Right here I ought to explain something. This interview was quite a family affair. Across the room from me sat Mr. Spalding's nephew—a young scientist—and at my right, upon a couch, was Mrs. Spalding. She is a fit mate for her classically featured husband. She is really very handsome, has a notably delightful voice—soft, cultured, vibrant—and she does what the "advice to wives" departments in the women's magazines always urge young wives to do; she takes an interest in her husband's soul-enthusiasms. Interest? Well, some.

Two Cranks in a Family.

"Men at Base Ball games, all men at Base Ball games, are brethren, equal sharers in whatever joy or woe or protest the great game may bring," said she. "And utterly irreverent. Ban Johnson, the president of the league, was sitting near us in the stand, and a man wanted to make a photograph of him. Did the crowd sit awed and reverent? Not notably. That crowd admired Ban Johnson and, in a way, revered him, but the camera man was an obstruction. What a cry went up! 'Too much Johnson! Too much Johnson!' roared instantly unto the vaulted heavens."

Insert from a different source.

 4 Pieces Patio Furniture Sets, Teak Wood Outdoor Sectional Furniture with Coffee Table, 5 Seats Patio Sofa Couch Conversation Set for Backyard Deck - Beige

Mr. Spalding smiled at her. "Two cranks in a family means domestic bliss, if they are both Base Ball cranks," he commented, thereby adding to his exposition of the game's psychology.

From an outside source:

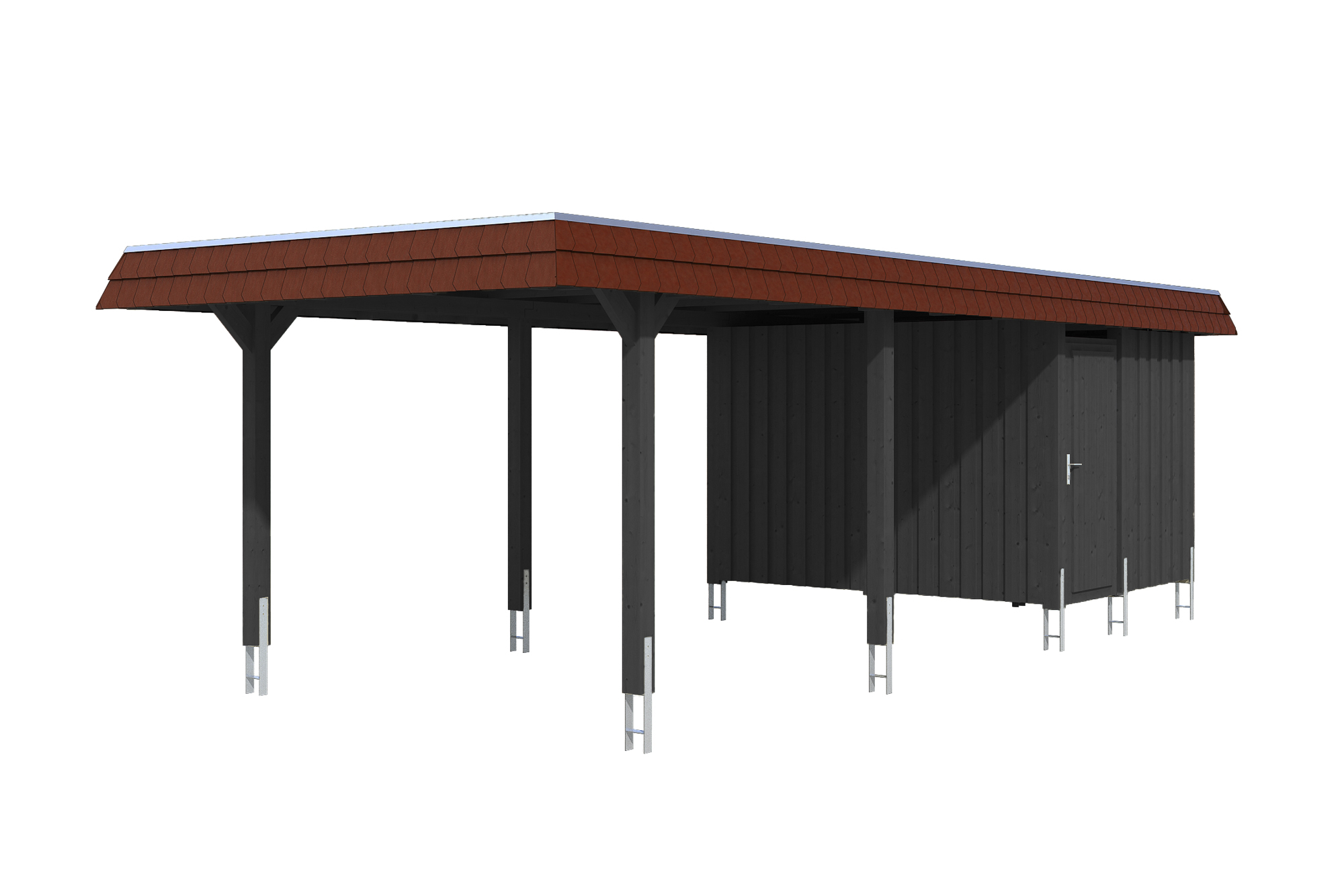 Produktbild: Carport Wendland 362 x 870 cm, mit Abstellraum, mit roter Blende, farblich behandelt in anthrazit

"Any one who blocked a crank's view of the game would meet with instant criticism," he said proudly. "And if Teddy himself were playing and made an error he'd be roasted by the best friends he possessed upon the bleachers.

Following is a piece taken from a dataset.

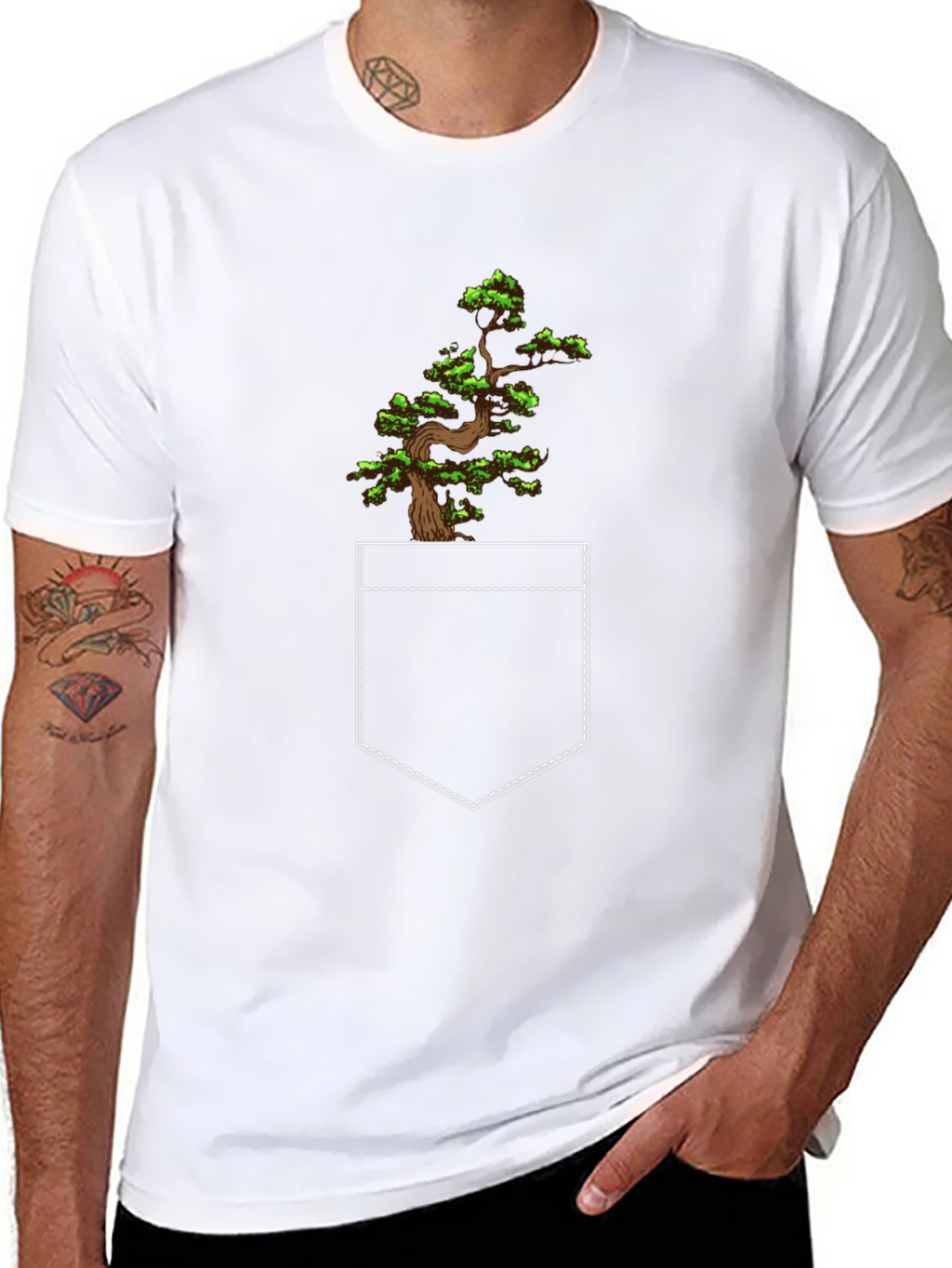 Bonsai Tree Pocket T-Shirt - Unique Graphic Tee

"But, in spite of this. Base Ball is the most good-natured pastime in the world.. Partisans will rave and tear their hair, but how often do you hear that one of them has torn another's hair on Base Ball grounds? In the history of the world no such great crowds have gathered to watch anything the world has ever known—sport or anything else—with so few fights. Base Ball, you see, arouses no brutal instincts. It is a turmoil rather than a battle. It is more a war of skill than a war of strength. Foot ball often breeds fierce fights. That game calls for heavy muscles, don't you see? as well as skill, and I shall dare some critics when I say that foot ball science is less delicate than Base Ball science. Brute strength in one foot ball player can, and often does, overmaster the pure science of another. In Base Ball this could not possibly occur.

The One Game in the Open.

"The game is in the open, too. Twenty thousand people can cluster round a diamond and see every move the Base Ball players on it make. There is no chance for secret cheating, therefore there is no tendency in that direction. It is not alone the umpire who can see what happens on the field, but every newsboy, every millionaire, among the spectators. In foot ball there is often chance for hidden fouls.

"Professionalism has not wrecked Base Ball—it has merely brought about a higher degree of skill in players by offering them an income which permits them to keep up, after they have become men, the sport in which they have excelled as boys. The professional is merely a grown boy, and, in the minds of a large number of his fellows, a very lucky boy at that. His profession is his sport a little glorified. He is the natural outcome of the boy's love for the game—ah, how that same boy loves it!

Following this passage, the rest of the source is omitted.